This article is part of the themed issue ‘Moving in a moving medium: new perspectives on flight’.

Keywords: flight, hummingbird, manoeuvrability, perturbation, rain, unsteady flow

1. Introduction

Birds, bats and insects in the wild often fly through a variety of perturbed aerial conditions, including turbulence and variable winds, rain and transit through vegetation which presents both obstacles and voids over a range of spatial frequencies. In the laboratory, such factors can either be eliminated or at least minimized, facilitating the study of ‘clean air’ flight performance. Although highly informative, many other features of animal flight derive from various compensatory kinematics and aerodynamics that can only be elicited via perturbations using either impulsive or sustained mechanical and sensory cues [13]. Such aspects of performance are much less studied relative to steady-state horizontal flight or hovering, but are essential to flight and survival in the natural world. Animal flight manoeuvrability, more generally, is a topic under intense current investigation [48], but specific aspects of axial and torsional agility used when flying in aforementioned environmental conditions remain largely unstudied. Although of obvious biological importance, such capacities can also be relevant to the survivability of microair vehicles in comparable environments.
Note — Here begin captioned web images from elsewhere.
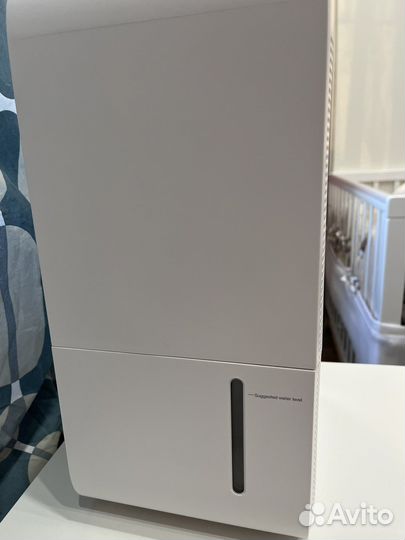 Увлажнитель воздуха xiaomi deerma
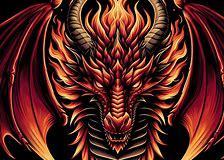 Fire Dragon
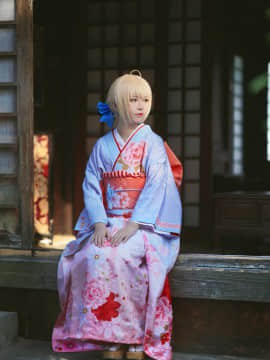 Coser SesshuAsuak (半半子) [BCY@33957] (2017-04-29)_[Fate／Stay Night]{阿尔托利亚·潘德拉贡}[20170304][BCY 6664-1085333] 001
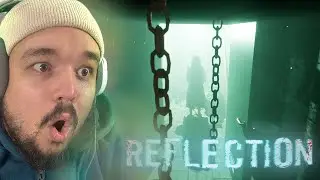 INSANE New Psychological Horror Game | Reflection (Full Game)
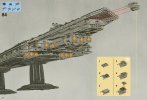 Building Instructions - LEGO - Star Wars - 10221 - Super Star Destroyer™: Page 218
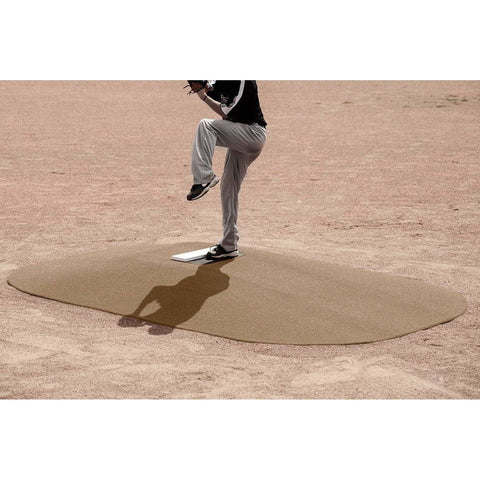Pitch Pro 8121 Game Baseball Portable Pitching Mound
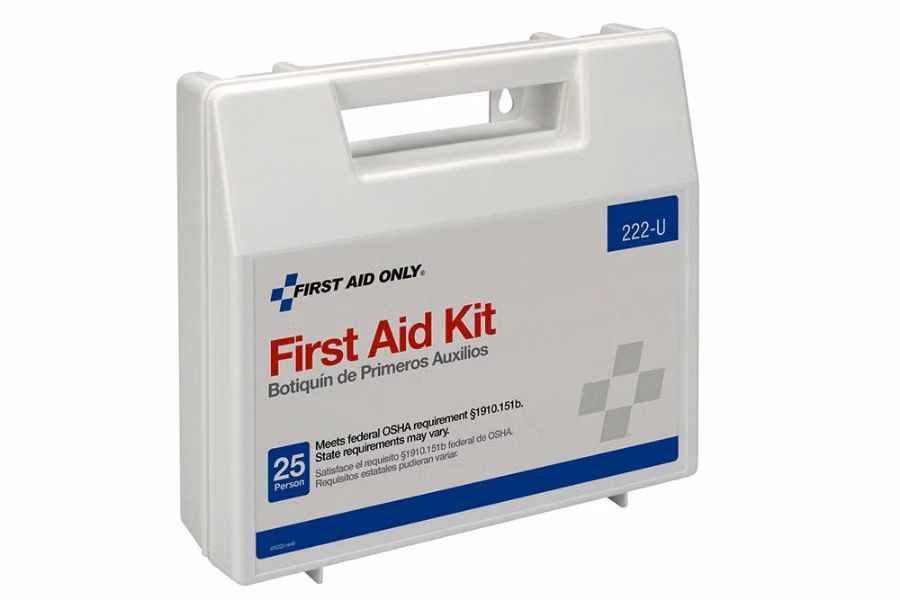 First Aid Only 10 Person First Aid Kit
To this end, the use of various nectar-feeding volant taxa provides numerous advantages for laboratory-based investigation of responses to naturally occurring aerial challenges. Station-keeping in either still air or in wind is required for these animals to extract nectar from flowers, and necessitates either bilaterally symmetric or, in some cases, asymmetric alteration of wing and body motions to yield stable orientations when aerodynamically challenged. Hummingbirds (family Trochilidae) are particularly good at maintaining essentially motionless head positions when feeding during flight, and are apparently oblivious to any aerodynamic turmoil that may occur around them. As a consequence, the air within which they fly can be experimentally altered, and full sets of biomechanical and metabolic measurements can be obtained. Although much initial work with hummingbirds studied hovering responses to hypodense, hypoxic and hyperoxic conditions [913], more recent emphasis has been placed on their forward flight performance [1416] and manoeuvrability [1,17,18]. Here, we review recent findings for animal flight both in rain and under turbulent conditions, with an emphasis on hummingbirds, but also discuss emerging aspects of trochilid flight performance relative to vegetational transit, sexual selection [19,20] and territoriality [21].
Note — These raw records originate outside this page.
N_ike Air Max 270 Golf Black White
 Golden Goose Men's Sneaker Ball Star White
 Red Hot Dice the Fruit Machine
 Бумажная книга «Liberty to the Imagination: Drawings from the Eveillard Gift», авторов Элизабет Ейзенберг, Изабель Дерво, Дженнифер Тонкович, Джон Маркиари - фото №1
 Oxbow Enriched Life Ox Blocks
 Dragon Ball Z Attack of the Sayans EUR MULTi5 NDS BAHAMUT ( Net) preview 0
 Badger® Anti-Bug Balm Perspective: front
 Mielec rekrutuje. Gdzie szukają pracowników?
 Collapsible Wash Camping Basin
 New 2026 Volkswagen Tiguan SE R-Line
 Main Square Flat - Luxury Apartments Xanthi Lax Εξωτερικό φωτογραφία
2. Flight in turbulent air

All animal fliers move through the troposphere, a region characterized by meso-scale circulation and winds maintained by gradients of thermal convection and by the Coriolis effect. On smaller spatial scales, such currents produce turbulent flows through interaction with other air masses (e.g. via the Kelvin–Helmholtz instability), with topographical or water surfaces, and by moving around bluff bodies such as vegetation or geomorphological structures. Formally, turbulence is characterized by erratic velocity fluctuations in both space and time, giving rise to large eddies that translate and decompose into progressively smaller vortices until such a point as all kinetic energy is frictionally dissipated as heat and/or sound. Viscosity thus plays an important role in determining the spatial and temporal scales of these unsteady flows. Given that most animal fliers are relatively small (e.g. the mean adult insect body size is 4–5 mm [22]), major aerodynamic compensation for turbulent perturbations must be routine for the majority of volant taxa.
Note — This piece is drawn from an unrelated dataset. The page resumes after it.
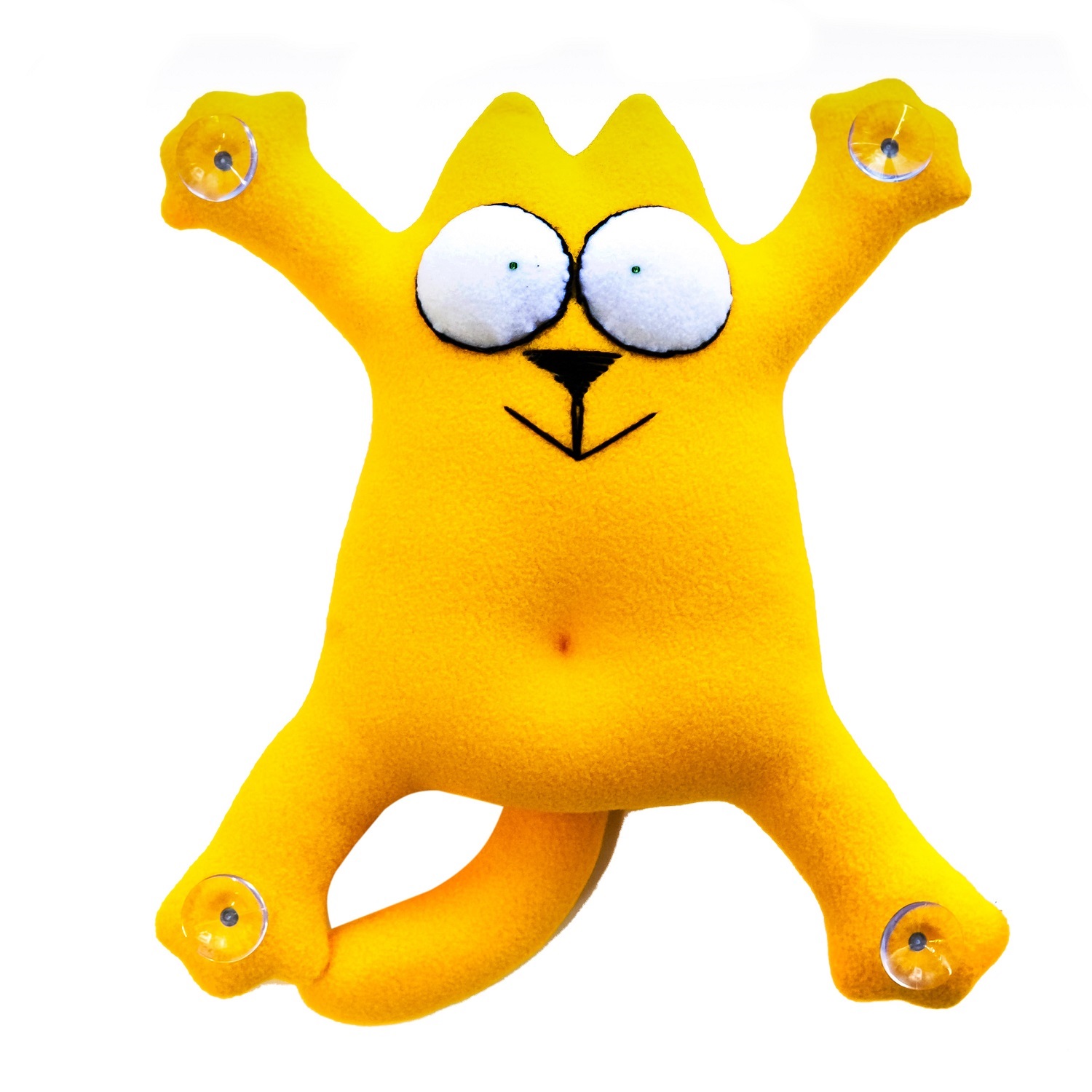 Игрушка мягкая SNOOGY котик - фото 1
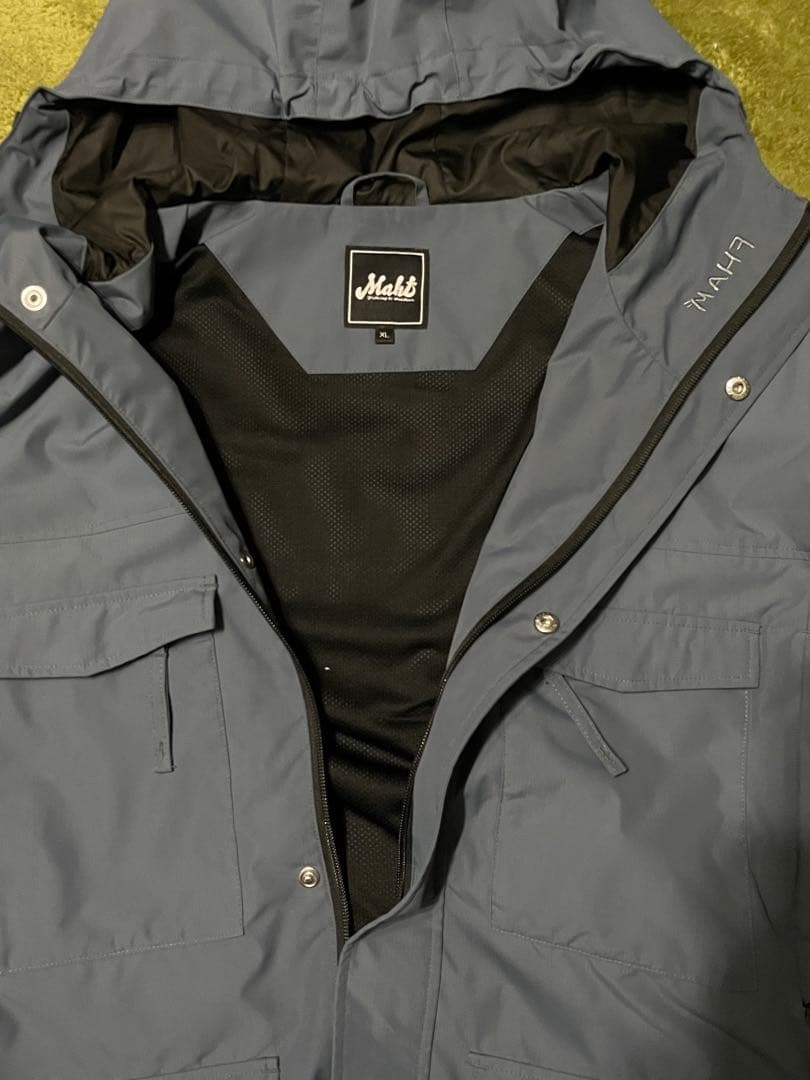 mahfスノーウェアセットアップ⭐︎値下げしました⭐︎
Nonetheless, in spite of the ubiquity of atmospheric turbulence, our knowledge of its consequences for animal flight performance is limited. Early work with birds found no effect on flight metabolic rates of low turbulence intensities (i.e. less than 2% r.m.s. fluctuation [23]), but identified an approximate doubling of metabolic rates for fast flight at high levels of turbulence (43% r.m.s. [24,25]). Thus, the costs of flight depend on turbulence intensity and can be substantial relative to free flight at the same mean airspeed in unperturbed air. High levels of turbulence may also influence overall stability and can elicit specific and sustained responses to effect control. For example, orchid bees flying in highly turbulent flows exhibit large roll oscillations, and extend their enlarged hindlegs laterally to increase the moment of inertia about this axis by as much as 50% [26]. Such leg extension results in an approximately 30% higher drag on the insect's body, indicating that associated power expenditure is also elevated in such flows. Not surprisingly, maximum flight speeds are also reduced for flight in high levels of homogeneous turbulence, possibly indicating a power limit associated with the increased costs of flight control [26].

Recently, hummingbirds were studied flying within von Kármán vortex streets [27], a turbulent flow system characterized by periodic counter-rotating vortices shed from an upstream object. Such flow is laminar at Reynolds numbers (Re) below 10 or so, but with increasing Re becomes unstable and turbulent near Re of 2000, creating a vortex street (figure 1). Hummingbirds were studied as they fed from a small artificial flower within the working section of a wind tunnel, which was operated at three different airspeeds (3, 6 and 9 m s−1). Upstream of the feeder, vertical cylinders of variable diameters were placed to generate vortex streets at different shedding frequencies and sizes. Flight kinematics and bird metabolic rates at the feeder were measured using high-speed videography and mask respirometry, respectively. When flying through relatively small vortices, hummingbirds exhibited only small changes in wing and body kinematics, and showed no change in metabolic rate relative to flight at the same but unperturbed flow speed. By contrast, flight within the vortex street generated using the largest upstream cylinder, of diameter comparable to the bird's wingspan, resulted in dramatically increased levels of variance in wing and body kinematics. Concomitantly, rates of oxygen consumption increased by up to 25% under such conditions (and at all measured airspeeds) relative to flight in unperturbed air [27] (see also [29]).

Figure 1.

Figure 1.

Adult male Anna's hummingbird flying at 6 m s−1 into the von Kármán wake generated by a vertical cylinder of diameter D. For a 4 cm diameter cylinder (a), two counter-rotating vortices interact near-simultaneously with the bird, whereas for a larger cylinder (b; 9 cm diameter), shed vortices interact more sequentially with the hummingbird, inducing greater asymmetries in kinematic variance. (c) Schematic indicating decay (i.e. decreasing line width) with downstream distance x of a turbulent wake generated by a stationary cylinder at Re ∼ 103 [28], and the expected additional flight costs as a function of position within the wake for an animal flier of wingspan b relative to the cylinder diameter. Zero-flight cost indicates the cost of flying in steady flow with no cylinder present.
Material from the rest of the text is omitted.